| Data supplied |
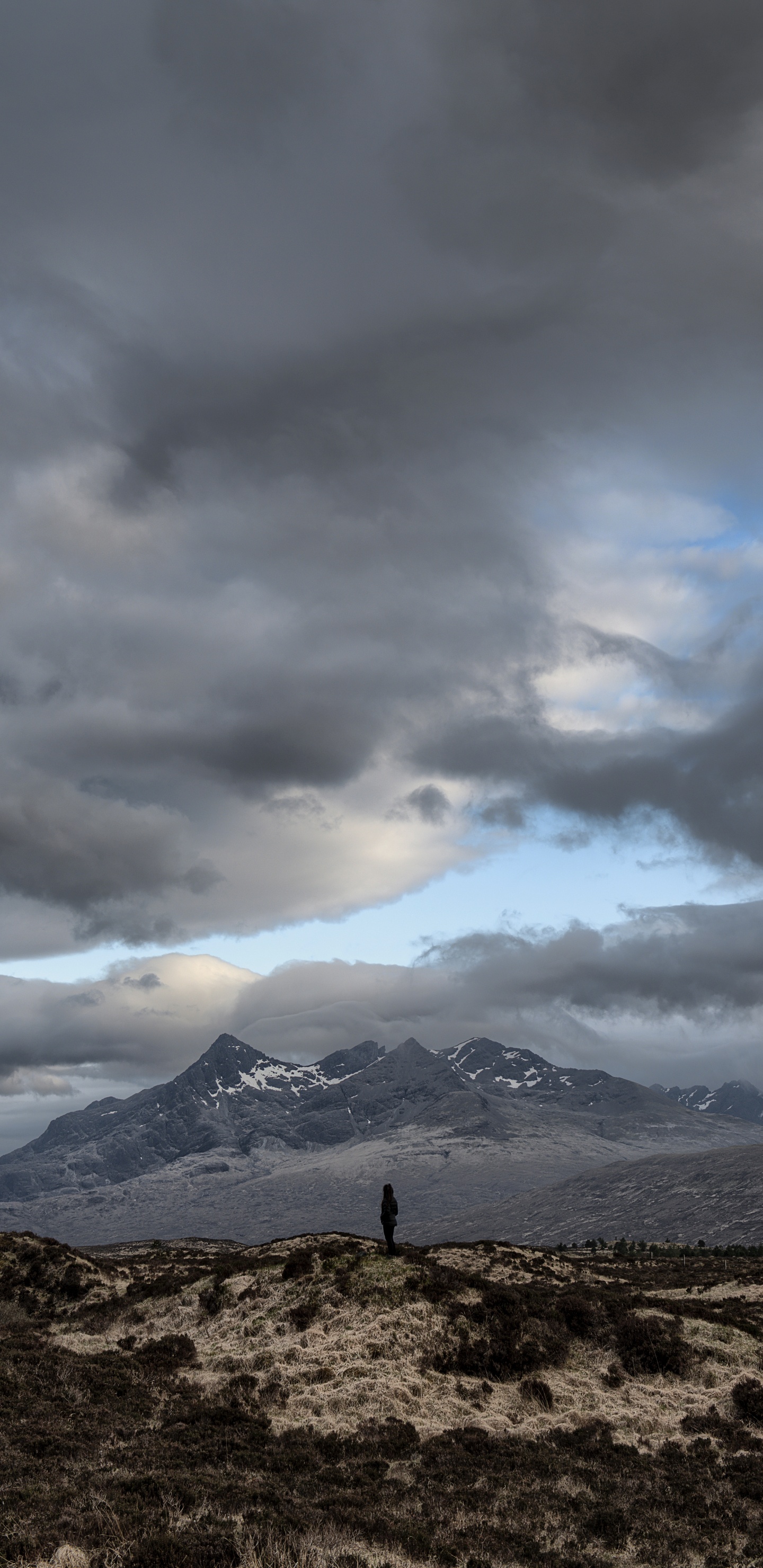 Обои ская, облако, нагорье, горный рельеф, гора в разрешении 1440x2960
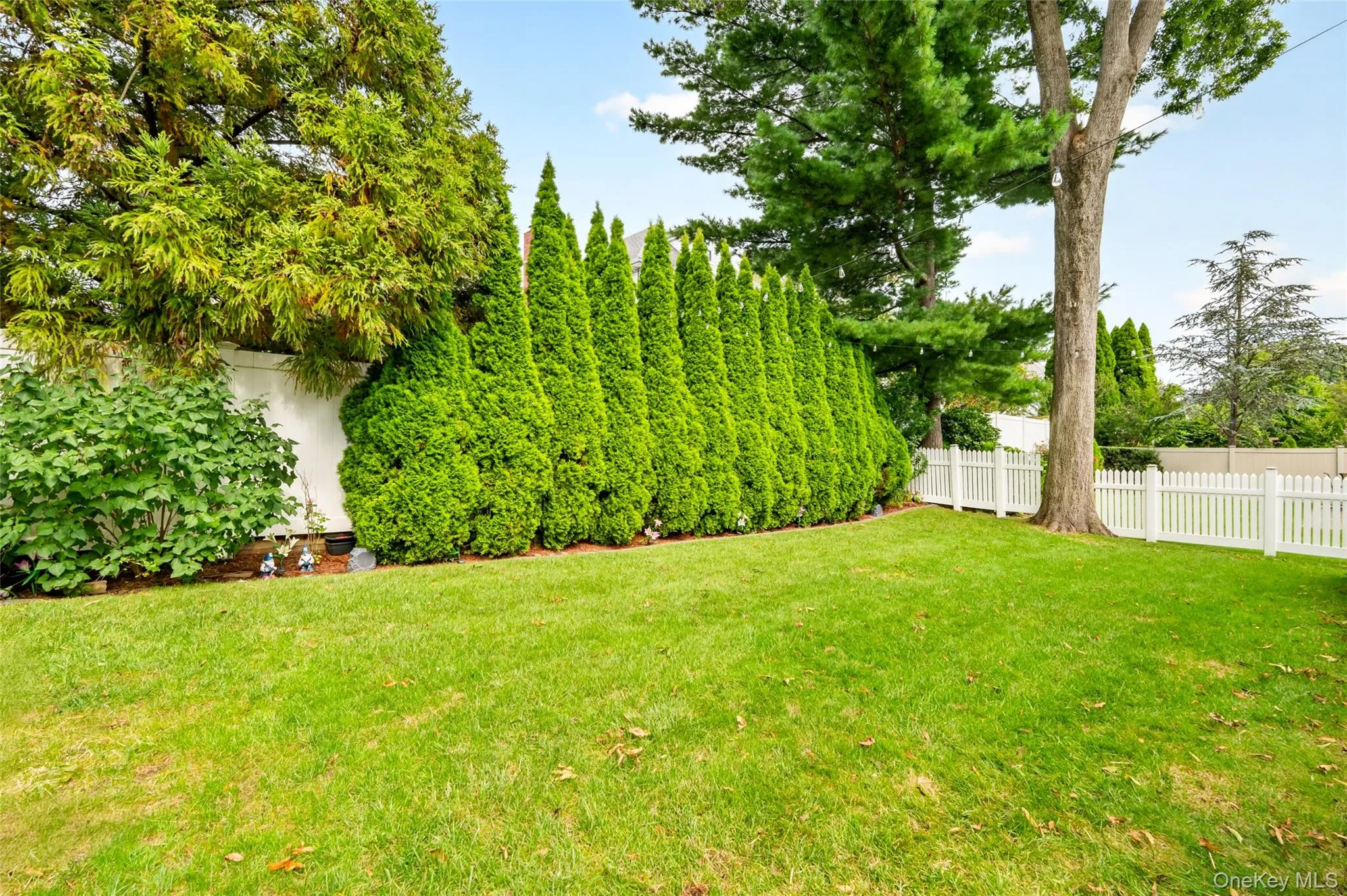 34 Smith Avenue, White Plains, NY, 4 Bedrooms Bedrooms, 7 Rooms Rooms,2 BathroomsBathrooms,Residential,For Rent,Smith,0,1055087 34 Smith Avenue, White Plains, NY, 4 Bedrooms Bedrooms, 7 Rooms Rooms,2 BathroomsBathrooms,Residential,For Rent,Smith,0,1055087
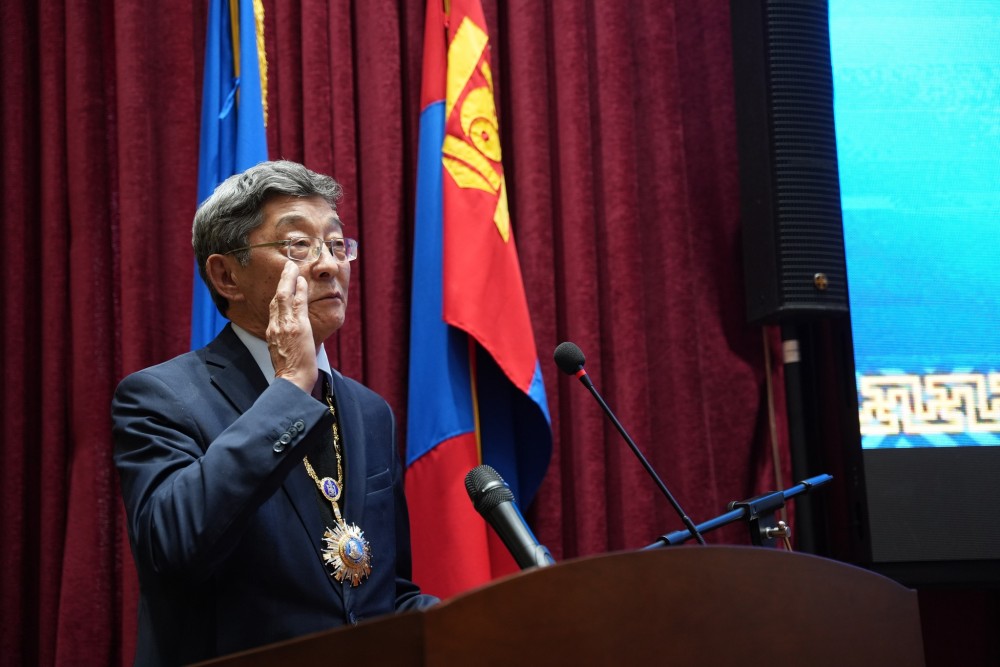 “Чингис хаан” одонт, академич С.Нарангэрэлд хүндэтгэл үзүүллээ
...
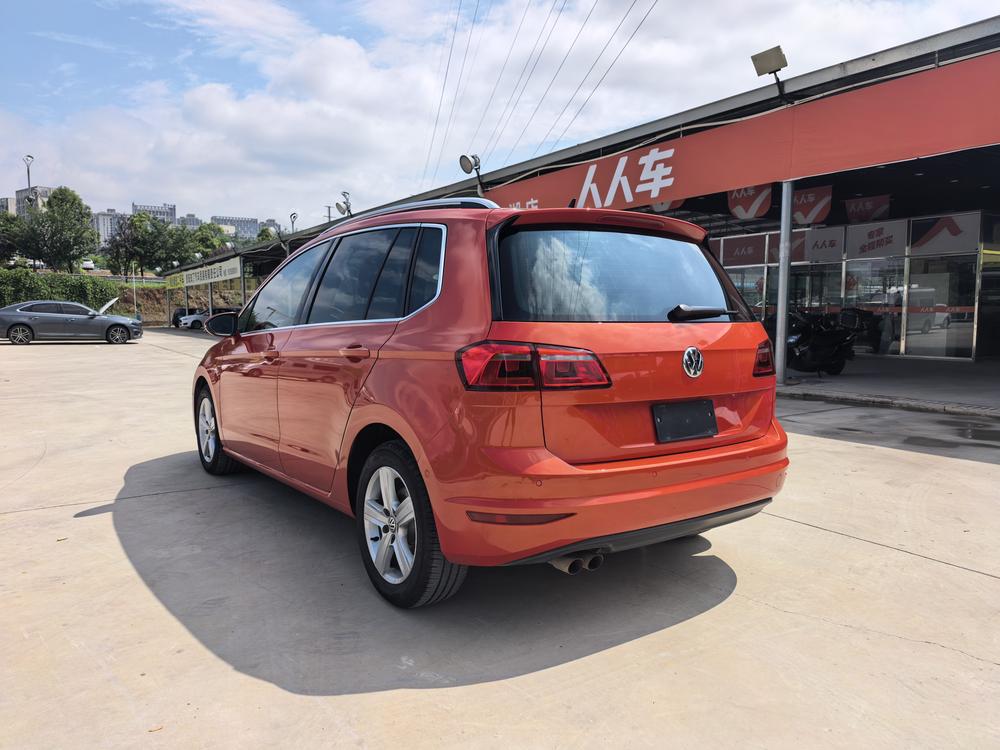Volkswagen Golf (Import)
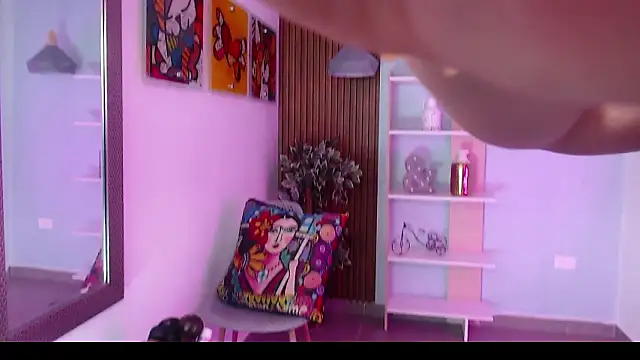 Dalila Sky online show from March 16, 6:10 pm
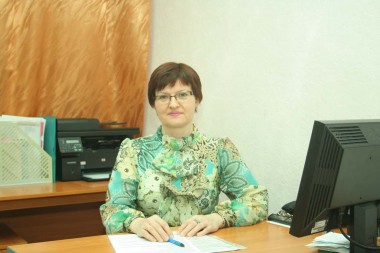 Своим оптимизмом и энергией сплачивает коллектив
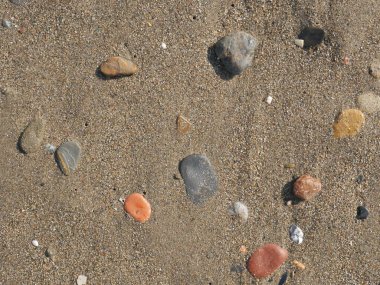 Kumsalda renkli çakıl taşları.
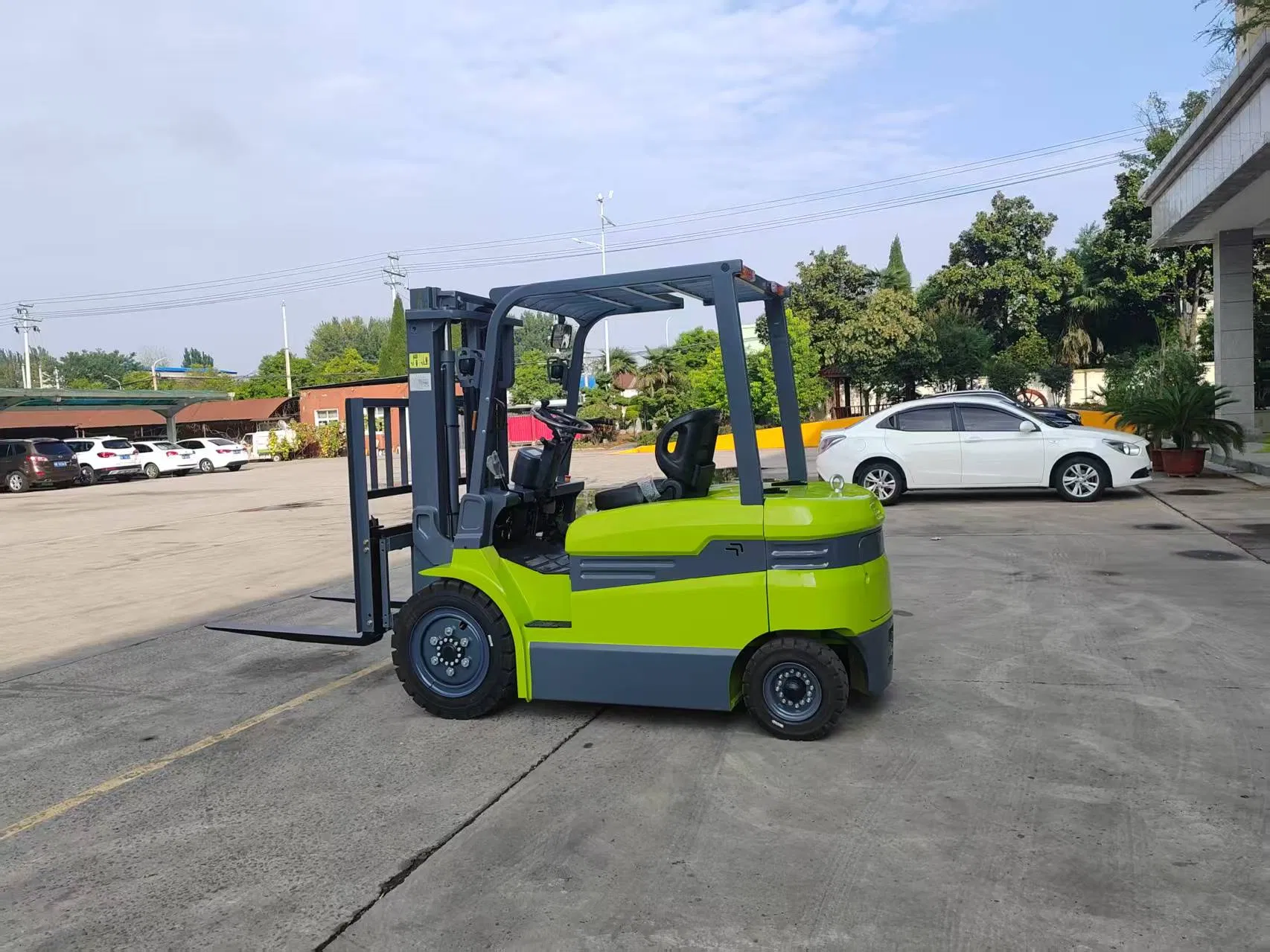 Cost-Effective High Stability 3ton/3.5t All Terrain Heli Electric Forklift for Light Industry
* * *
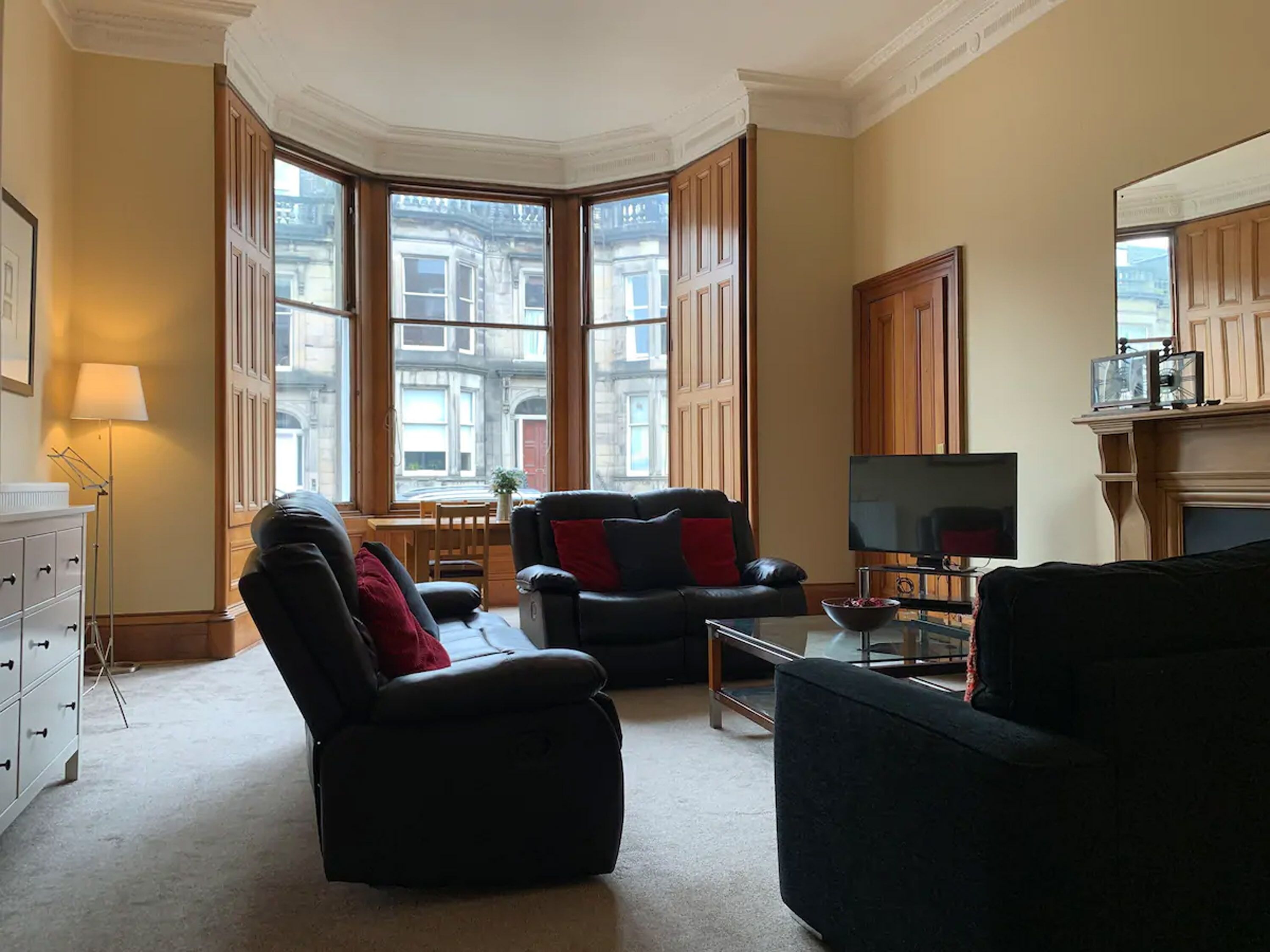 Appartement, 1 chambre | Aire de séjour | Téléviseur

| Required action |
Only the lines of the listing above from the one with "Dalila Sky online" through the one with "Cost-Effective High Stability" should be output, exactly, with both ends kept and pictures left out.

| Answer box |
 Dalila Sky online show from March 16, 6:10 pm
 Своим оптимизмом и энергией сплачивает коллектив
 Kumsalda renkli çakıl taşları.
 Cost-Effective High Stability 3ton/3.5t All Terrain Heli Electric Forklift for Light Industry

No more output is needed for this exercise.